OPINION

My reasons for optimism - Helen Zille

WCape Premier on the significance of the ConCourt's Nkandla hearing, and President Zuma's SONA

Inside Government: How South Africa made 300 years of progress in a week

Traditionally I give this speech to the consular corps, in my capacity as Premier of the Western Cape, on the morning after the State of the Nation Address (SONA).  The purpose is to give my perspective on the address and analyse where I think South Africa is headed.

After the President spoke last night, the Rand depreciated and the commentators I have read this morning are generally negative and depressed.

Counter-intuitively, I have rarely been so optimistic about South Africa’s future as I am now.

Last time I felt so good about the future was in 1996, when we adopted our new Constitution.  Today I am upbeat because our Constitution is working.

The real test of a country’s prospects is not merely that it adopts a good Constitution, as we did, but whether the constitution’s checks and balances work when the rubber hits the road.

When that happened last week, our Constitution was equal to the challenge.

At the heart of our constitutional democracy is the crucial notion of “accountability”.  This requires checks and balances on power. And as we meet here today South Africa is a different place from the one we woke up to on Monday.

Let me begin with a theoretical framework for my observations. 

Over the holidays I read Francis Fukuyama’s masterpiece:  the Origins of Political Order and Political Decay.

Starting from the time our distant ancestors began to organise themselves collectively, right up to the development of the modern democratic state, Fukuyama examines the big question: what combination of factors creates the most conducive context for people to be able to live in peace and improve their circumstances: what factors are necessary to ensure a society where life is valued, where freedom is cherished and where inequality is limited; where there are opportunities for individual and collective progress? Some societies are closer to that ideal than others, and he asks: why? 

He identifies a combination of three critical factors: the rule of law, accountability, and the capable state.

As I read this book I was convinced by the merits of the argument. The great value of identifying the key ingredients for success means that countries can measure progress by these yardsticks.

Indeed, they form the tripod on which our own Constitution rests.

Its adoption was a big step on the long road of progress. But on its own, it is not enough. It is crucial that a constitution is robust enough to protect the checks and balances against power abuse from gradual erosion.

During South Africa’s periods of optimism -- euphoria even -- I have often been depressed about our prospects because I saw those foundations of a successful society being eroded in front of our eyes.

For the first 15 years of our democracy we went through the process of concentrating more and more power in fewer and fewer hands. A greater threat to accountability and the rule of law is hard to imagine. At one point, following floor crossing in 2005, the ANC was a mere 3 seats short of a 75% majority in Parliament.  Power was significantly more concentrated (and accountability was significantly weaker) than it was after our first democratic election in 1994.

During those years, I had been tasked by Tony Leon to start the DA’s first branches in Langa, Nyanga, Gugulethu, Cross Roads, and Khayelitsha.

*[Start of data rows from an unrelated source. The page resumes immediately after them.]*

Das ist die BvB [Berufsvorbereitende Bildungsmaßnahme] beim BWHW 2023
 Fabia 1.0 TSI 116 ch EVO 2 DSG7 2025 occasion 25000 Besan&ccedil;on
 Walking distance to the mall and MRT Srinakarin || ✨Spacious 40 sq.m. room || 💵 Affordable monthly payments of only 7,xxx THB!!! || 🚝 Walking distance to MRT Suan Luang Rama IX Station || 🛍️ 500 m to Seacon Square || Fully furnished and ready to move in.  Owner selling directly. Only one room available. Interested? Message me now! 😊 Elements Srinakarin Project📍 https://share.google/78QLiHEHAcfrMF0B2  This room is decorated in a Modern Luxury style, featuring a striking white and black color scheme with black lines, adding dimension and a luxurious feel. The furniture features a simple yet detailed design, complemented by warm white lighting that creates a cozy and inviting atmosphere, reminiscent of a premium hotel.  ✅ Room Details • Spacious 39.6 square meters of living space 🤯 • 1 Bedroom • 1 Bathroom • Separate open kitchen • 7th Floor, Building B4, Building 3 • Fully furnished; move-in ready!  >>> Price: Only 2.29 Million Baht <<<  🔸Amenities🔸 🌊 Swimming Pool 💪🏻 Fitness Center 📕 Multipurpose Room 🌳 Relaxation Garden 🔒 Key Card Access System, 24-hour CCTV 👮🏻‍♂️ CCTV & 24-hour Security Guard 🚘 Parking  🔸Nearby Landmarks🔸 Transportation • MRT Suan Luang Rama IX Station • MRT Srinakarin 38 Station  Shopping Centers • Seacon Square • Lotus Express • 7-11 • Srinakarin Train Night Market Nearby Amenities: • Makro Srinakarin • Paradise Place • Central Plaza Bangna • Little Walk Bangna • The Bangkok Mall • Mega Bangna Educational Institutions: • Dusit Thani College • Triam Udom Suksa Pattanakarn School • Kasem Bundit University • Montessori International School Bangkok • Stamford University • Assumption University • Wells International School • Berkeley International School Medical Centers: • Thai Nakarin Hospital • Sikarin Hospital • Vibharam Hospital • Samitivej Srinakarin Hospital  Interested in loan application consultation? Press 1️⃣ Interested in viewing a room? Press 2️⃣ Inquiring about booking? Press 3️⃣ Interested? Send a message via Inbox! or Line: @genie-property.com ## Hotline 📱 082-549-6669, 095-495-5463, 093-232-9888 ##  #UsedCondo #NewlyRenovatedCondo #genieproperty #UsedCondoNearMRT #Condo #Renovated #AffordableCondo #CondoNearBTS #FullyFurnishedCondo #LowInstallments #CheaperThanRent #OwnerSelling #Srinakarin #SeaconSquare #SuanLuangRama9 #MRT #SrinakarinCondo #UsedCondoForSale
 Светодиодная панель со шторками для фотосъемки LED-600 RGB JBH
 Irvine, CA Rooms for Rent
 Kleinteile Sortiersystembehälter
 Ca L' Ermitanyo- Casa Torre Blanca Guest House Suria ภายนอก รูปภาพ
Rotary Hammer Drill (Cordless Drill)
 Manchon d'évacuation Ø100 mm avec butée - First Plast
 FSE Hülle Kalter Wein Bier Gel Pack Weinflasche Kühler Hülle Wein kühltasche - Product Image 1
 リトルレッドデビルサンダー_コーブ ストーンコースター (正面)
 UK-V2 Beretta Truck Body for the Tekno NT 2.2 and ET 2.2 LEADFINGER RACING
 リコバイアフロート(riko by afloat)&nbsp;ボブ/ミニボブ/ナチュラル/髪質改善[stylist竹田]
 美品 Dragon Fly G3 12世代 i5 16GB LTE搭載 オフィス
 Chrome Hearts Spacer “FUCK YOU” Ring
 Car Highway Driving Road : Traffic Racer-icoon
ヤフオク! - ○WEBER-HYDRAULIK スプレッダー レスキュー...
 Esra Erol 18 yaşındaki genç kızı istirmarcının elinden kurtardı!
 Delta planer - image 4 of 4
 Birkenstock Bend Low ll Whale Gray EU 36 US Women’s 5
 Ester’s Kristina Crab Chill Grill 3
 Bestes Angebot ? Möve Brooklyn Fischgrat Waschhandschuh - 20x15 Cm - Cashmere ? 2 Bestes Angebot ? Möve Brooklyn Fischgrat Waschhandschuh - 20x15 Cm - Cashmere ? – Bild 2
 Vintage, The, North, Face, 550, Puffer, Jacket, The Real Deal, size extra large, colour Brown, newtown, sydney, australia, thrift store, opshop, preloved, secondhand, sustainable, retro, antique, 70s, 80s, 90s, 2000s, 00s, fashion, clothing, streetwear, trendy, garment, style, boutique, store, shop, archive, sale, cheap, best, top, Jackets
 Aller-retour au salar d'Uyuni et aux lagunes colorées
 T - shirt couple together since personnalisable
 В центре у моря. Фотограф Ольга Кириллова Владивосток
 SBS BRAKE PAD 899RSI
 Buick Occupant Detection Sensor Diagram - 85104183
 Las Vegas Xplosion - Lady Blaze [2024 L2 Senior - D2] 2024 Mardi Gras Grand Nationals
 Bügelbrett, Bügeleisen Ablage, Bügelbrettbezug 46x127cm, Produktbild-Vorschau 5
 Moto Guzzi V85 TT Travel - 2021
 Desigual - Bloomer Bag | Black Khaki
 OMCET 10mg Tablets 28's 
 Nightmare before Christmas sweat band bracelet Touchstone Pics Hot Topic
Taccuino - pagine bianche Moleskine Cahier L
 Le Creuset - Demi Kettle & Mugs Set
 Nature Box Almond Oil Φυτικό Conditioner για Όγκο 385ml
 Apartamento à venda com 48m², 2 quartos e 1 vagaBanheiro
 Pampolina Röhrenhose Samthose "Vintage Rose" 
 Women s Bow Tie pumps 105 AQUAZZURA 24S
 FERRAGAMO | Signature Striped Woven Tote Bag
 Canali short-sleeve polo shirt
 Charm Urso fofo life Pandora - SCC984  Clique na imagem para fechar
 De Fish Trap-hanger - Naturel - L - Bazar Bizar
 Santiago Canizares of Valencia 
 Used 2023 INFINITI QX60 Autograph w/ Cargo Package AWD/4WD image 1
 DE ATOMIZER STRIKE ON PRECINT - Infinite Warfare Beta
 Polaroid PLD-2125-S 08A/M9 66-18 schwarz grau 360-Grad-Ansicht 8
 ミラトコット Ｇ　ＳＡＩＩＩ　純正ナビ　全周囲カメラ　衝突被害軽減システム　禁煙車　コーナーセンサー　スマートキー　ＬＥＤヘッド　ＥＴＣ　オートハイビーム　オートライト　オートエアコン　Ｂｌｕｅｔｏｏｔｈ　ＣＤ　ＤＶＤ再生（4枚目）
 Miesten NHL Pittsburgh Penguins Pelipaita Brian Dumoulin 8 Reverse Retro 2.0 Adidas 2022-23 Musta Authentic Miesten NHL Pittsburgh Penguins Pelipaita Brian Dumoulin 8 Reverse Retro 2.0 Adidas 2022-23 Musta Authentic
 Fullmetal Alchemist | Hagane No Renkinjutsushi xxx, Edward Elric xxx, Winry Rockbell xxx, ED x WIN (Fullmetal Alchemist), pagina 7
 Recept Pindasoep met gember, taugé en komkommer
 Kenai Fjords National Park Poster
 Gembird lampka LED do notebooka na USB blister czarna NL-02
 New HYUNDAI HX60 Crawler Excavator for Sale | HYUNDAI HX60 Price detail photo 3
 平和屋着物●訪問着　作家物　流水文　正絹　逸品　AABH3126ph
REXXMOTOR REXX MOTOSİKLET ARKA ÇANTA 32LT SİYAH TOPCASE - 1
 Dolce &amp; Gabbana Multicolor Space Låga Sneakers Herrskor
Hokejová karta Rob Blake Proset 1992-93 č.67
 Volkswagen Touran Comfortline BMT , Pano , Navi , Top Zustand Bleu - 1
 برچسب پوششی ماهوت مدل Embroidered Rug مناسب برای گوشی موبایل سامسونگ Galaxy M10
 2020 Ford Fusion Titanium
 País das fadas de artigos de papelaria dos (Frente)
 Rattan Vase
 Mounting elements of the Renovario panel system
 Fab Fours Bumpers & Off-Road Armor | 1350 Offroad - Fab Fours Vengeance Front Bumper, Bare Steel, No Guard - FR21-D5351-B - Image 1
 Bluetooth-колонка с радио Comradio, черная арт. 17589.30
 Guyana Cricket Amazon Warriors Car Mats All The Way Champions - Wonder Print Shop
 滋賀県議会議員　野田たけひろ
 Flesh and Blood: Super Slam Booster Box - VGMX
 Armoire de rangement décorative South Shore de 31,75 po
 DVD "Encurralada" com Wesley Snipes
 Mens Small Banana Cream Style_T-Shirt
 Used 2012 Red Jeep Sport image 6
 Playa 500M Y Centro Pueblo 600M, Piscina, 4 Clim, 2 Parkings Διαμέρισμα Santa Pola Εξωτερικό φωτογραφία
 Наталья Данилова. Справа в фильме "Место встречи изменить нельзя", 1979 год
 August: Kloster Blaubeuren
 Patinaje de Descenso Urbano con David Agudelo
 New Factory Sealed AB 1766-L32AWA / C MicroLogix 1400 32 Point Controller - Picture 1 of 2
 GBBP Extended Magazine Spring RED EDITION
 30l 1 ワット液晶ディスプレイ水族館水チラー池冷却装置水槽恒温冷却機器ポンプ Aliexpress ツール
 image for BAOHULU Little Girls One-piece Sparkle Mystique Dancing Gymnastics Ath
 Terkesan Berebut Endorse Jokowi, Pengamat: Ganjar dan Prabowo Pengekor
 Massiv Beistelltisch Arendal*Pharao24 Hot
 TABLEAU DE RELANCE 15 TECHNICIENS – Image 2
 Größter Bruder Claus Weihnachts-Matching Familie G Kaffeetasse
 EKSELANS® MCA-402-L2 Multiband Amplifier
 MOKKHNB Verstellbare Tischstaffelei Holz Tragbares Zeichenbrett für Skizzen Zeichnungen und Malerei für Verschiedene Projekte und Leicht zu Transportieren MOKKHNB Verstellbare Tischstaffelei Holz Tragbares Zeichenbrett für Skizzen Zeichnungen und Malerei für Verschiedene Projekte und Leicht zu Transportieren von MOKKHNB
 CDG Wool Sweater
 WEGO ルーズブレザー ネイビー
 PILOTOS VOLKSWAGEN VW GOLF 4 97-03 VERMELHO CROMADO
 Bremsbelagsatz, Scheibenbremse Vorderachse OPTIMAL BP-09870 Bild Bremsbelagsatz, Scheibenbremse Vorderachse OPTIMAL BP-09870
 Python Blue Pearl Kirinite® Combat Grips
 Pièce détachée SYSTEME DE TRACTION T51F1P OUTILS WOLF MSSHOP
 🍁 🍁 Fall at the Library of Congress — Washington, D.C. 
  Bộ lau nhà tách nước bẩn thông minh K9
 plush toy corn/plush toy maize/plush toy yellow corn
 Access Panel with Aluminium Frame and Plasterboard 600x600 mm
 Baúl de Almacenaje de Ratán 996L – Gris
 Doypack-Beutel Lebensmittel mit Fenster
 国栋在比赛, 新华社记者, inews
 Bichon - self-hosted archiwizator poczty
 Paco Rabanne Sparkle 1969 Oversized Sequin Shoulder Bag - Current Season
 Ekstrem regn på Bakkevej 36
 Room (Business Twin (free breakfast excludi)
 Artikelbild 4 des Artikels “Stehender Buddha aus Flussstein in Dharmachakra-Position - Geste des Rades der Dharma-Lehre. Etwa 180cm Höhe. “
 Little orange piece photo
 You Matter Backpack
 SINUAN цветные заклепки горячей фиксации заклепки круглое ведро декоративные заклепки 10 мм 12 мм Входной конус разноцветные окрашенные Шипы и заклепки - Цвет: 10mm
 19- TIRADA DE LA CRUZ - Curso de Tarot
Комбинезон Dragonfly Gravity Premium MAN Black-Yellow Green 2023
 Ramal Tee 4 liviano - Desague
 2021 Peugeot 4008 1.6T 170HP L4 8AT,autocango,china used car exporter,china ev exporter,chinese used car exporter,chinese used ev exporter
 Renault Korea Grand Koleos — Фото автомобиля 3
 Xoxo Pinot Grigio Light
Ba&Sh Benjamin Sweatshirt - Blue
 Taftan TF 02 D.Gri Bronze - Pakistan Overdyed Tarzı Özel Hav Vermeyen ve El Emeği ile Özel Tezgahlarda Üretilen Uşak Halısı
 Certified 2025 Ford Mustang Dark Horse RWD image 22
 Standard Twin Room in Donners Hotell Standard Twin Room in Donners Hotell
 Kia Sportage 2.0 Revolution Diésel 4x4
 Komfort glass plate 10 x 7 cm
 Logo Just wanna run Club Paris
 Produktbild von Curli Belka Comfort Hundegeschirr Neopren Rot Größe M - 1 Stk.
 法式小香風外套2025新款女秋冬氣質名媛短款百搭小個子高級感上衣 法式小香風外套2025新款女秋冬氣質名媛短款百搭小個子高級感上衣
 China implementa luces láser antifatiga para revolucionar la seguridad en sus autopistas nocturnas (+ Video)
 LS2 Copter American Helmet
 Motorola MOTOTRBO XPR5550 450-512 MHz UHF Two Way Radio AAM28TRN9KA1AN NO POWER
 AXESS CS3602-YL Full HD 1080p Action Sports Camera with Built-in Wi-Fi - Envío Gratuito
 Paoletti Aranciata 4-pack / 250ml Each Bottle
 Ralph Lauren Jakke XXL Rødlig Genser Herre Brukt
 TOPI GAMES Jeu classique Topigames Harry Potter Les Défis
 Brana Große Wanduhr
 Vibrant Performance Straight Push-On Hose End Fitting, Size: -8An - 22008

Back then, people living there literally took their life in their hands if they joined the DA; they had their houses burnt down and were summonsed to appear before kangaroo courts to face “charges” of joining a ‘white party’.

And with incredible courage, a few of them stood firm and said “this is not about race, it’s about the future of our democracy and defending the freedoms guaranteed in our Constitution, and one day we will be proved to have been right”.

Thinking back on those difficult days, let’s look at where we are now and consider whether the events of the past week, including the State of the Nation speech, have taken us in the right direction or not.

Against the yardstick of political and economic accountability, we have made substantial progress.

Firstly, we had a remarkable set of developments in the Constitutional Court.

We saw the counsel for the President admitting that the findings of the Public Protector are binding, and that they can only be reviewed by a court of law; and that the President had also made an error in law by asking the Minister of Police to second guess the Public Protector. 

We saw the legal representative of Parliament also conceding an “error in law” by a Parliament that had failed to do its fundamental duty of holding the executive to account.

For the first time South Africa’s parliamentarians got the message loud and clear:  South Africa is not a parliamentary democracy where a majority can take any decision it likes.

We are a constitutional democracy where the President and the Parliament are bound by the constitution and the law. Parliament’s job is to hold the executive to account, not defend the President and his officials.

South Africa was a different place at the end of this week than we were at the beginning of the week, and it was a much better place.

I can illustrate that through the example of four individuals: Nathi Nhleko (Minister of Police), Thulasi Nxesi (Minister of Public Works), Nhlanhla Nene (former Minister of Finance) and Max Sisulu (former Parliamentary Speaker).

Let me start with the two latter ones.

Max Sisulu was the Speaker at the time of the Public Protector’s report. He wanted to do the right thing and table the Public Protector’s report in Parliament for discussion.  He was removed from office for seeking to ensure that the Parliament held the President to account.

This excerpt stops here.